▸ TASK PROMPT: The answer must consist only of the lines in the records below from the line with "A bottle of" to the line with "Set of tropical", both included, copied word for word with every picture left out.

········

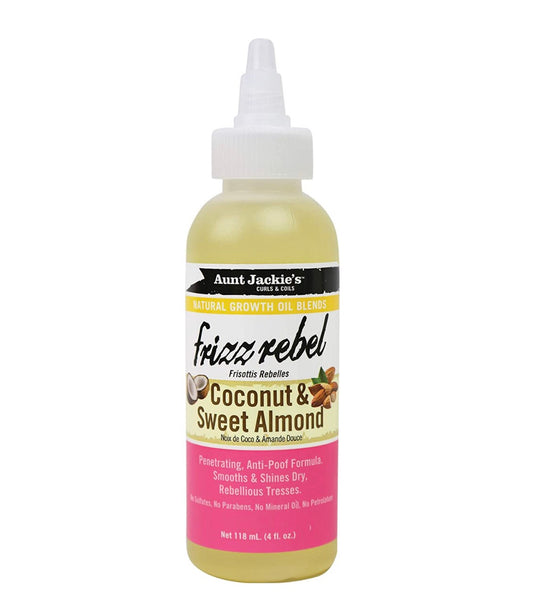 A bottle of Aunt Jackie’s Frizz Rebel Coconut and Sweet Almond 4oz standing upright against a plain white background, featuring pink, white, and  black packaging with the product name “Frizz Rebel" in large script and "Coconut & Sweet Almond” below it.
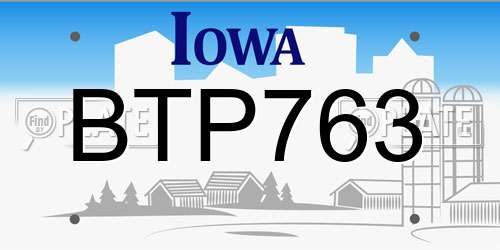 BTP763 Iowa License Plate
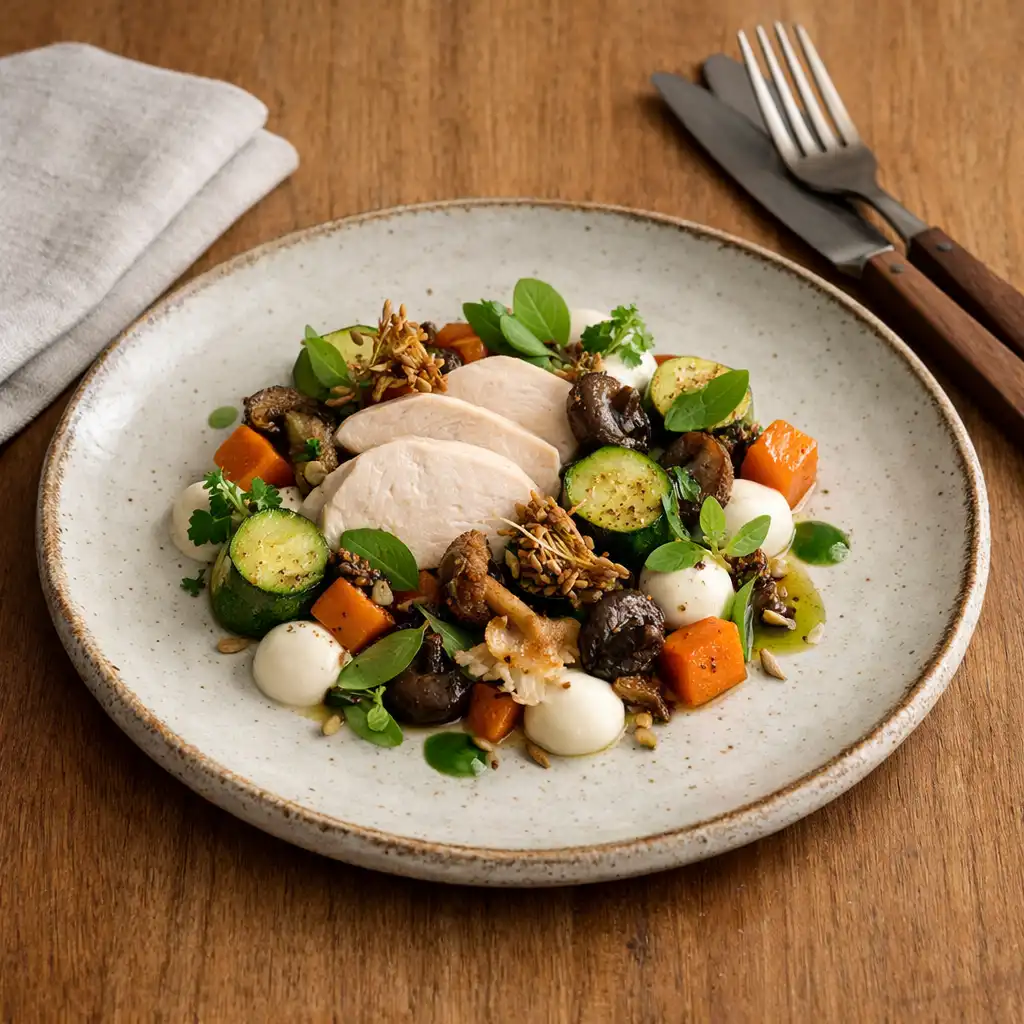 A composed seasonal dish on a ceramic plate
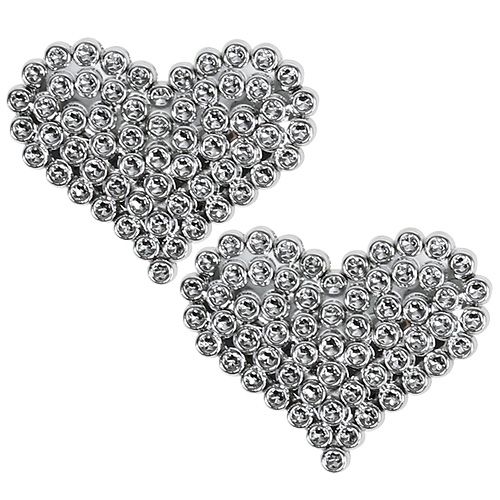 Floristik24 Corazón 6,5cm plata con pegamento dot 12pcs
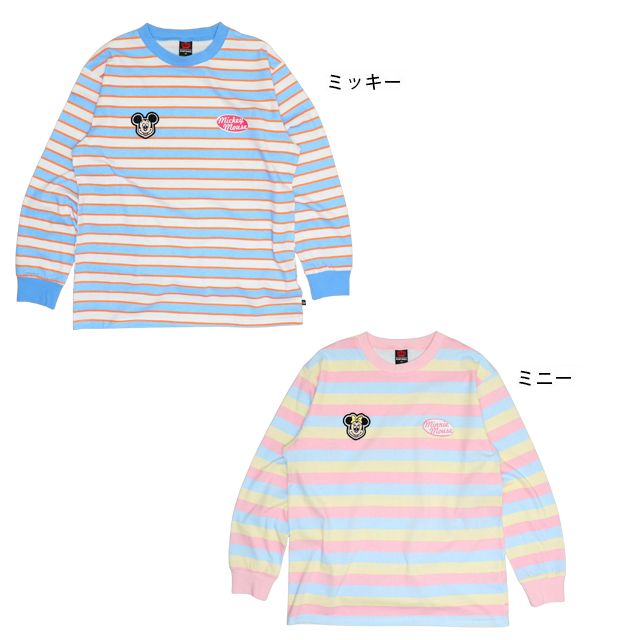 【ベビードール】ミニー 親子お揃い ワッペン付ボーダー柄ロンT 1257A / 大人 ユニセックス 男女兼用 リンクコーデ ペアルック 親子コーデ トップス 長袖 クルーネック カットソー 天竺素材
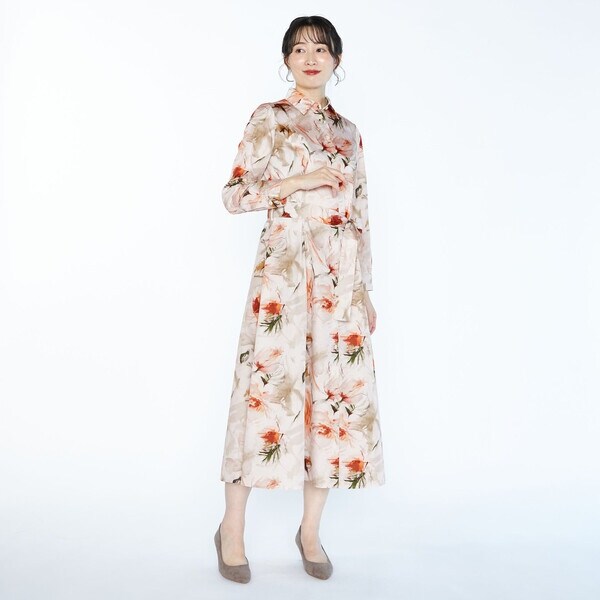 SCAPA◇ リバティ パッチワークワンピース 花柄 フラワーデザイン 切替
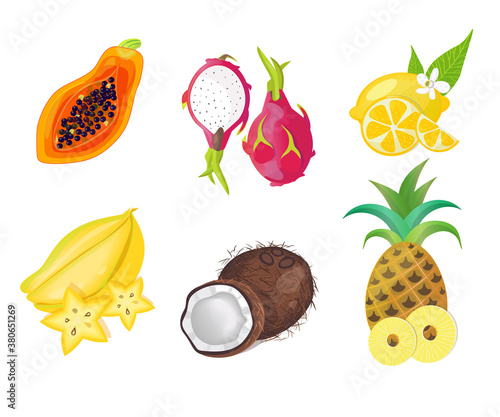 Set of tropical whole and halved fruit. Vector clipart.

········

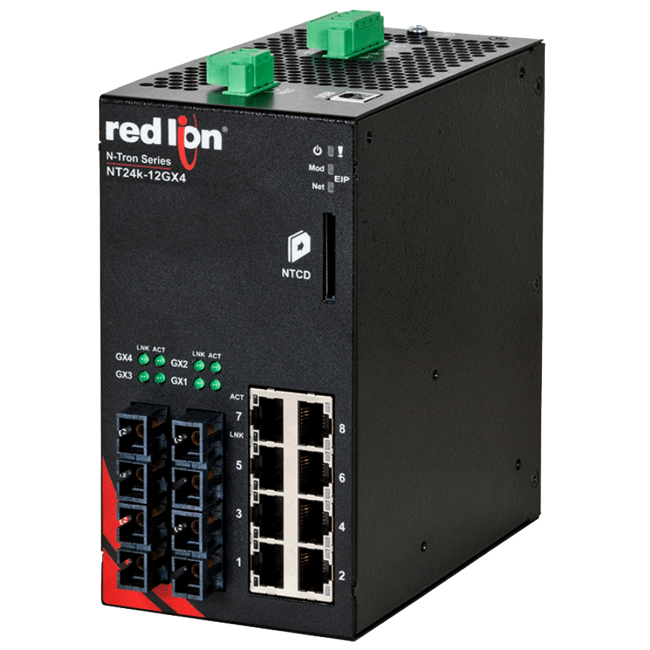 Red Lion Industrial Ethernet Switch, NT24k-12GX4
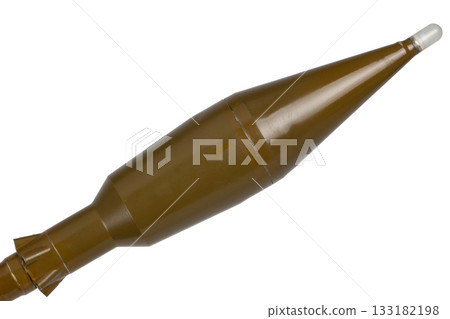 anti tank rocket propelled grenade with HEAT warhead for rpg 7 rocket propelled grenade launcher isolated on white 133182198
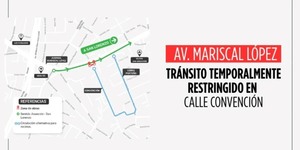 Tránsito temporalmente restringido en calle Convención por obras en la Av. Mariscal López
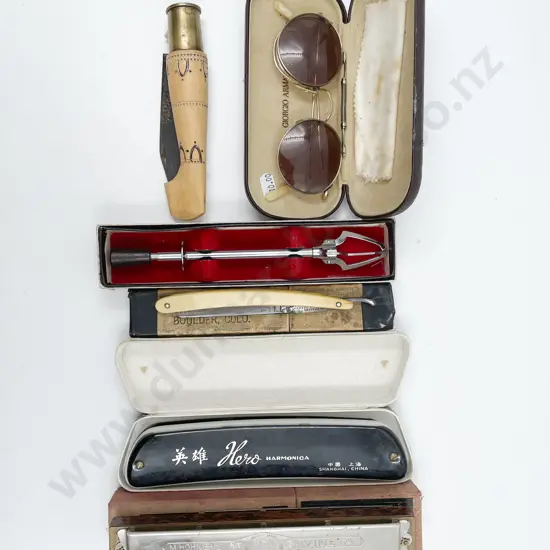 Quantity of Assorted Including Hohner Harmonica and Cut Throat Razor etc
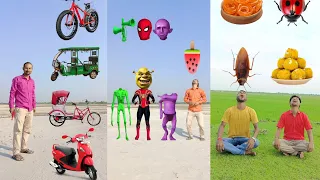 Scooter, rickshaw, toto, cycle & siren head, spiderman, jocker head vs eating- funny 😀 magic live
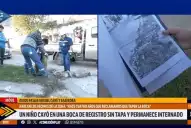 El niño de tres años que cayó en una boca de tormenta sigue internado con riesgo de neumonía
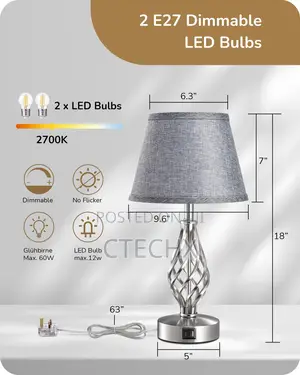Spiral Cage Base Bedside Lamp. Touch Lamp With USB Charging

········

▸ REPLY TO THE EXERCISE:
 A bottle of Aunt Jackie’s Frizz Rebel Coconut and Sweet Almond 4oz standing upright against a plain white background, featuring pink, white, and  black packaging with the product name “Frizz Rebel" in large script and "Coconut & Sweet Almond” below it.
 BTP763 Iowa License Plate
 A composed seasonal dish on a ceramic plate
 Floristik24 Corazón 6,5cm plata con pegamento dot 12pcs
 【ベビードール】ミニー 親子お揃い ワッペン付ボーダー柄ロンT 1257A / 大人 ユニセックス 男女兼用 リンクコーデ ペアルック 親子コーデ トップス 長袖 クルーネック カットソー 天竺素材
 SCAPA◇ リバティ パッチワークワンピース 花柄 フラワーデザイン 切替
 Set of tropical whole and halved fruit. Vector clipart.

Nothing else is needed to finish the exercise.